Da quel gran rifiuto in poi, l’attore venne invece spesso indicato con la parola “Dracula”, interposta tra nome e cognome, come se fosse l’unica maniera per identificarlo agli occhi dello spettatore. Infatti, mentre al (più pagato e famoso) collega britannico vennero subito assegnati altri ruoli iconici, come quelli della Mummia o del diabolico dottor Fu Manchu, Lugosi dovette accontentarsi di essere sempre il secondo nome sul manifesto nei numerosi film (della stessa Universal) che condivise con Karloff, nonché di fare il protagonista in una lunga serie di produzioni minori, ma senza tuttavia poter mai dare nuovamente corpo a un personaggio iconico come Dracula (se si fa accezione delle relative “clonazioni”).
Ironia della sorte, per il resto della loro vita, forse anche a causa del peso derivante dal trucco e da tutto l’armamentario e gli sforzi sul set di alcuni dei loro personaggi, entrambi soffrirono di lancinanti dolori reumatici. Il che portò Karloff a finire i suoi giorni (morì nel 1969) su una sedia a rotelle, dopo aver conosciuto comunque una seconda (terza, quarta) stagione di notorietà grazie ad alcuni titoli della AIP ispirati all’opera di Poe, e Lugosi a diventare dipendente dalla morfina. E fu la rovina. Piuttosto macabre, a guardarle ancora oggi, le foto del cadavere dell’attore, morto nel 1956, ritratto nella bara col “costume” di Dracula.
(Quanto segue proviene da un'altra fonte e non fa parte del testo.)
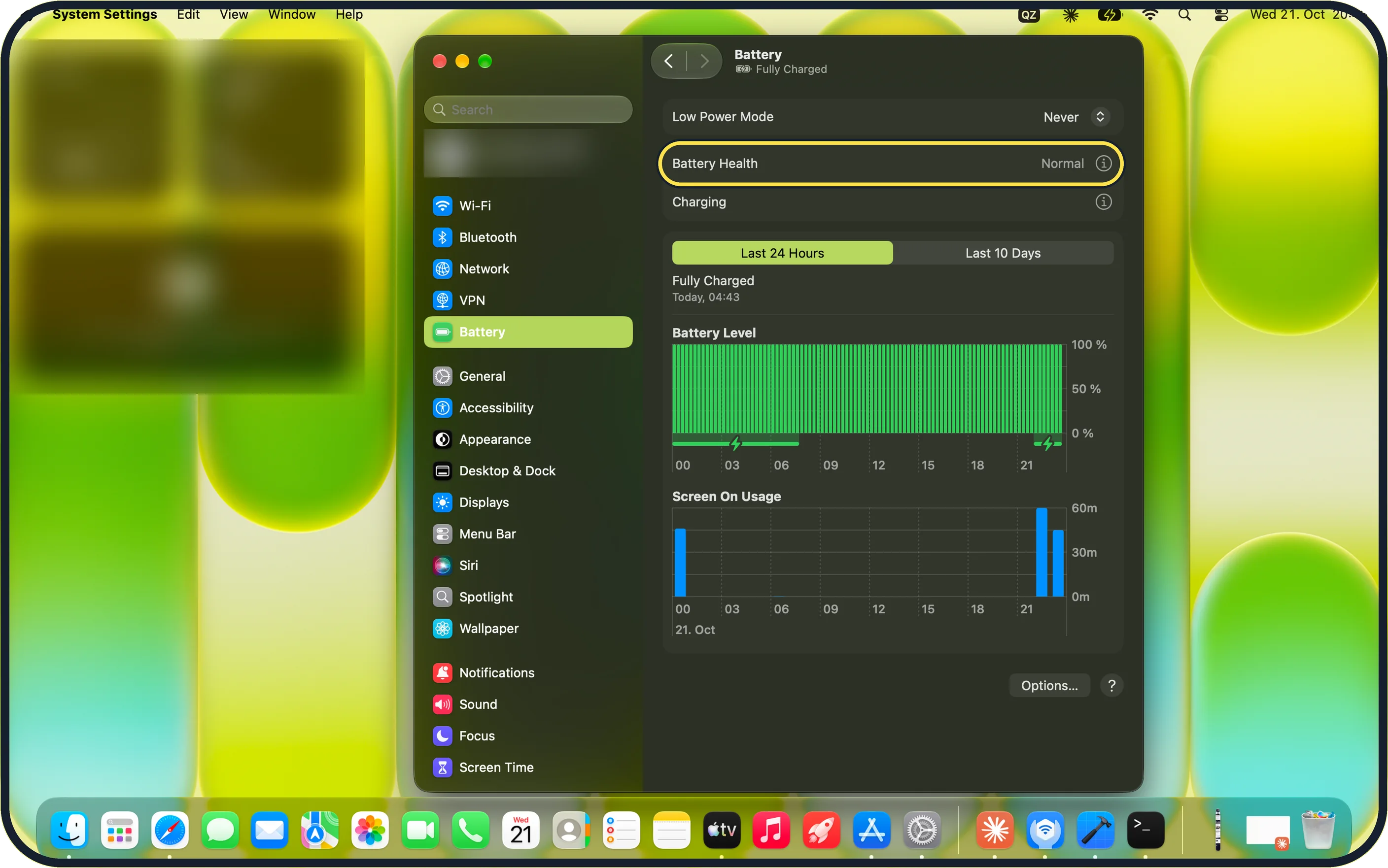 Mac screenshot: Click Battery, then the i next to Battery Health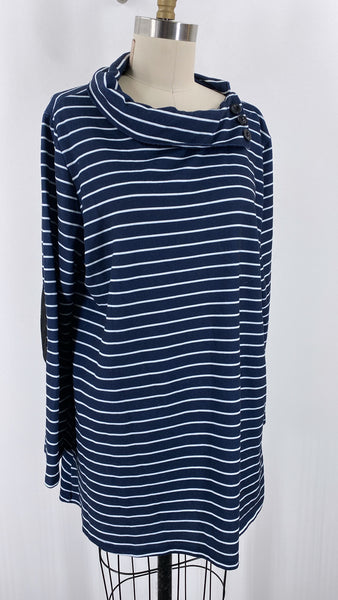 Reborn Navy Stripe Tunic Top, 2X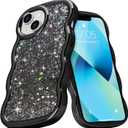 Micoden for iPhone 14/iPhone 13 Case, Cute Bling Glitter Sparkly for Women Girls Slim Protective Durable Curly Wave Edge Plating Shockproof Camera Protection Phone Case for iPhone 14/13, Black
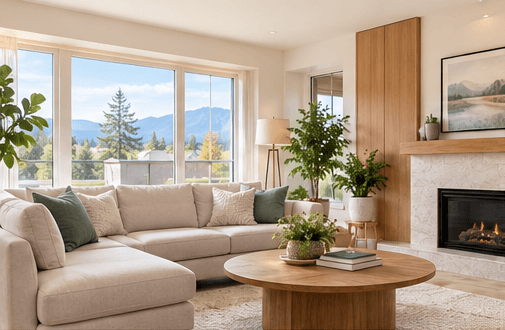 Bright welcoming living room with natural light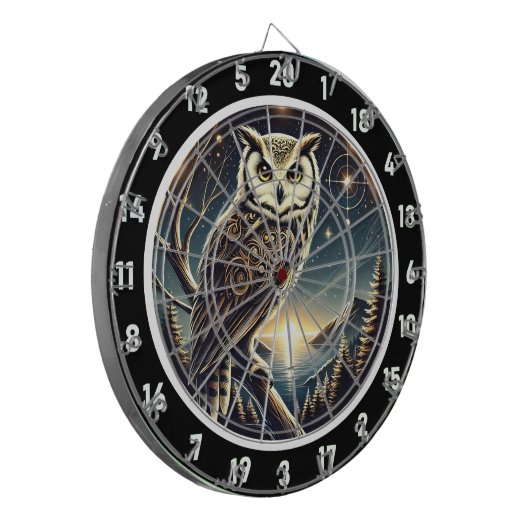 Ethereal Owl Dreams Dartboard Art Dartscheibe (Vorderseite Links)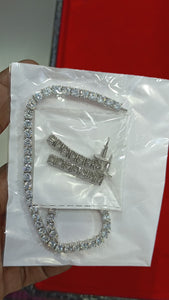 Solitaire White Diamond Necklace set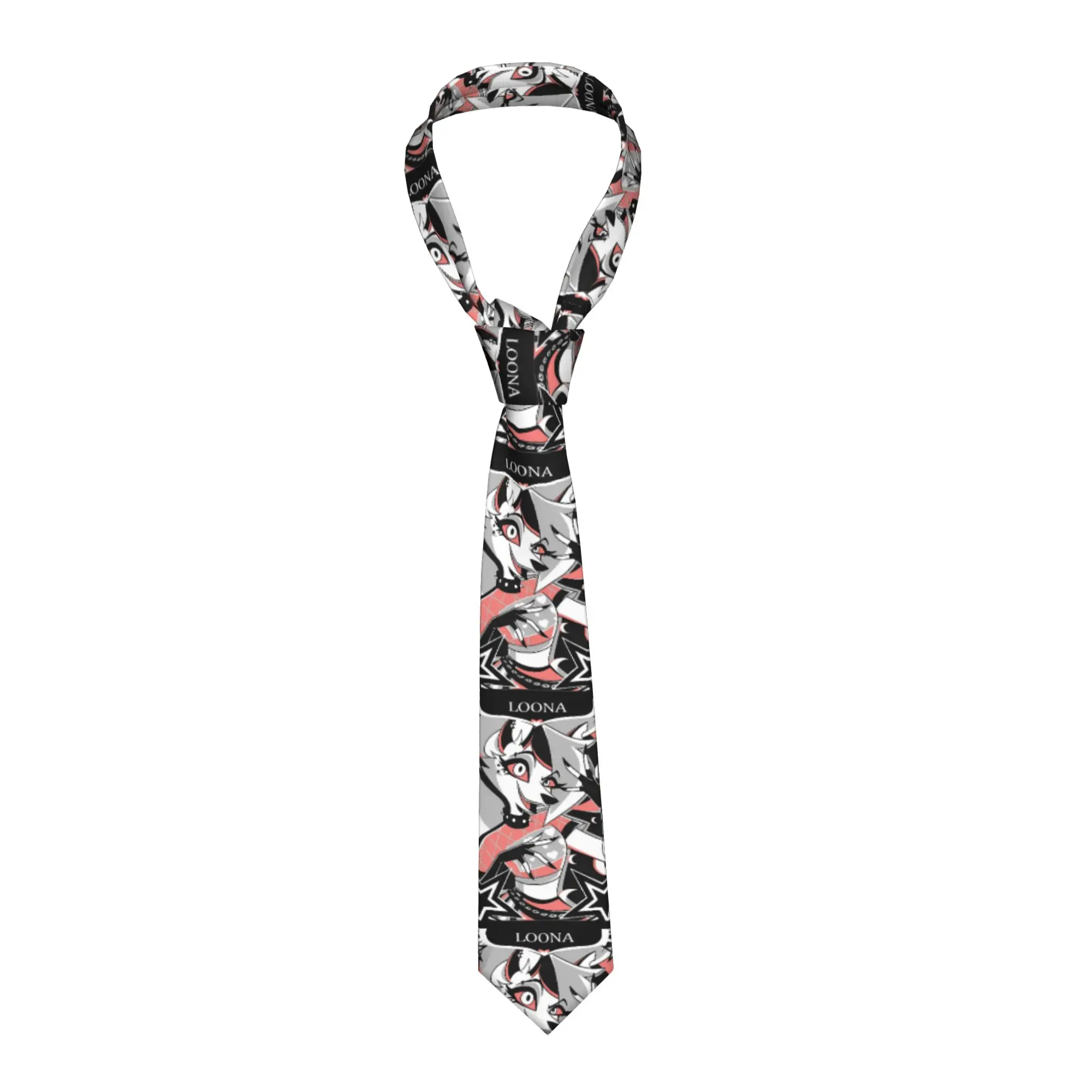 Corbata Helluva Boss Loona para uso diario, corbatas para fiestas, corbata divertida Kawaii para adultos unisex, diseño de corbata con cuello, idea de regalo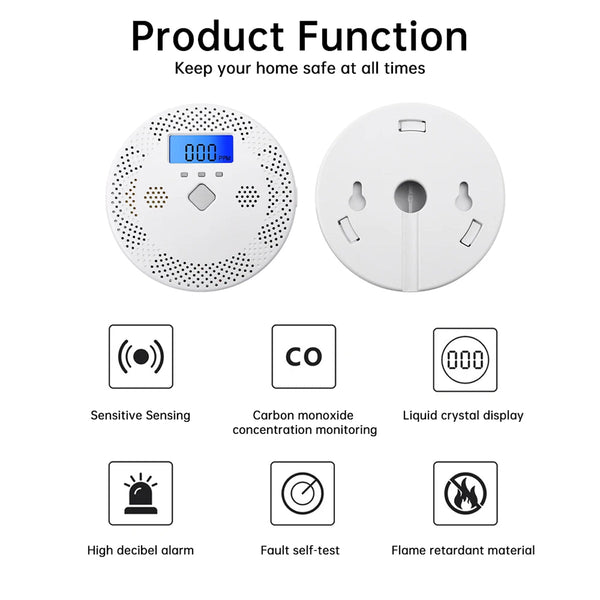 PralliRes Smart Carbon Monoxide Detector with Tuya App WiFi Notifications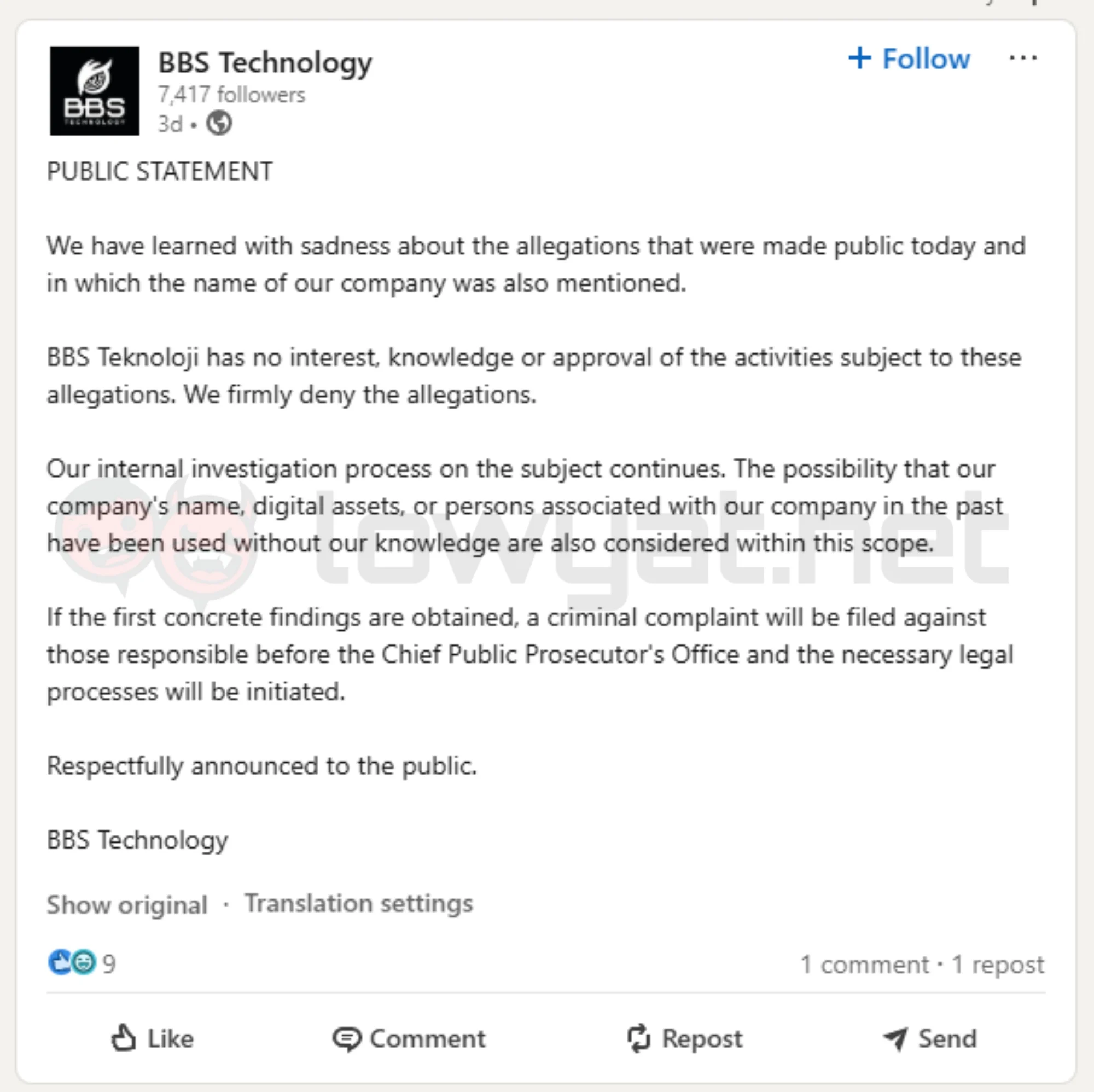 BBS Technology statement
Tornando tuttavia alle scelte artistiche dell’attore ungherese, e riallacciandoci all’ingarbugliata “matassa” di ruoli cinematografici che a un certo punto iniziarono a intricarsi tra loro, per farla molto breve, andò a finire che colui che inizialmente aveva rifiutato il ruolo del Mostro di Frankenstein, non ritenendolo adeguato allo “status” improvvisamente acquisito, alla fine dovette “accontentarsi” di interpretare (nel film “Il figlio di Frankenstein” del ’39 e nel seguito “Il terrore di Frankenstein” del 1942), prima soltanto il servo gobbo dello scienziato pazzo (il proverbiale Ygor, che sarà poi parodiato da Marty Feldman come “Aigor” nel celeberrimo film di Mel Brooks del 1975), e poi la Creatura vera e propria, nel già citato “Frankenstein contro l’Uomo Lupo” del ‘43. E questa volta senza potersi lamentare di alcunché, ovviamente. Tanto meno della (non certo elevata) paga.